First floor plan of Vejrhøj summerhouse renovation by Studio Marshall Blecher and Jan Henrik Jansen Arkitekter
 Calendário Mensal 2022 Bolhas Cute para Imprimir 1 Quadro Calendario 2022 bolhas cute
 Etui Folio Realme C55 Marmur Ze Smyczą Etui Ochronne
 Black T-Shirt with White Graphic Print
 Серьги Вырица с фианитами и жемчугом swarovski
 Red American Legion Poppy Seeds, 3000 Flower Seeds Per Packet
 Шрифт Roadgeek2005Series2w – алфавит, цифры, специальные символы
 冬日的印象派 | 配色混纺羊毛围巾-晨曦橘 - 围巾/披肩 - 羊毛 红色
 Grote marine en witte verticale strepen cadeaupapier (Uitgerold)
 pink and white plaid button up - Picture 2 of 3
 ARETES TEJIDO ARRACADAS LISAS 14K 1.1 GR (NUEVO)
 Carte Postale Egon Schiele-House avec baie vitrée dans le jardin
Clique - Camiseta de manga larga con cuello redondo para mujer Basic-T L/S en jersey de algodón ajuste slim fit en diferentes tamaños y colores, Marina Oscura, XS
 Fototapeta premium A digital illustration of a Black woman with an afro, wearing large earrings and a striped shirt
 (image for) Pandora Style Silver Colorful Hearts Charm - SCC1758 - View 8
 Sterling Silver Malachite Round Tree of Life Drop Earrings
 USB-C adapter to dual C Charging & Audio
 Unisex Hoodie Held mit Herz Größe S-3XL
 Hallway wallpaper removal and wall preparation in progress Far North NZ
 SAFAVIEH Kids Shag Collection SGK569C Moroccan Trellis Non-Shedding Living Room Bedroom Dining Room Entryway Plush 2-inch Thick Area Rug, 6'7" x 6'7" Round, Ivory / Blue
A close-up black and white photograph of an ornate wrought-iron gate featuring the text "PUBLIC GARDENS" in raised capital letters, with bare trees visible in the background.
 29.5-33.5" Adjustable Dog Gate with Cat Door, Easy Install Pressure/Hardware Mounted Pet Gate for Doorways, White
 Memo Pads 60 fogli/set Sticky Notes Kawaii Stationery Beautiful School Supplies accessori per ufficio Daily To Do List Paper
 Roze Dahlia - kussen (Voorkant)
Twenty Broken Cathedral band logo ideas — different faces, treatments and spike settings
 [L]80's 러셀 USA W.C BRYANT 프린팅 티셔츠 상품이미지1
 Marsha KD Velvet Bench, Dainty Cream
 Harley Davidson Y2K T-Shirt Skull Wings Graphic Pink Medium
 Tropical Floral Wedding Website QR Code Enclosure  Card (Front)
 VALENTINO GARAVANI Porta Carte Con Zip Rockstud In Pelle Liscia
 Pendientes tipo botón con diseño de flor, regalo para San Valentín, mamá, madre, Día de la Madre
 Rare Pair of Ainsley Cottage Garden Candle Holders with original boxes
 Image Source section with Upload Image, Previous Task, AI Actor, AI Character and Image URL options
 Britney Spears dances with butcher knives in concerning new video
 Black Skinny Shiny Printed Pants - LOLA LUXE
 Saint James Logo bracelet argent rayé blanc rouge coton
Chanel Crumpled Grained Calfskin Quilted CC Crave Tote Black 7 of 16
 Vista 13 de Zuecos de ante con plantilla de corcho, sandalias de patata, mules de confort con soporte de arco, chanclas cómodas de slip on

### Prompt
Output only a verbatim copy of the lines spanning from the line that contains "Saint James Logo" to the end of the records above.

### Result of this task
 Saint James Logo bracelet argent rayé blanc rouge coton
Chanel Crumpled Grained Calfskin Quilted CC Crave Tote Black 7 of 16
 Vista 13 de Zuecos de ante con plantilla de corcho, sandalias de patata, mules de confort con soporte de arco, chanclas cómodas de slip on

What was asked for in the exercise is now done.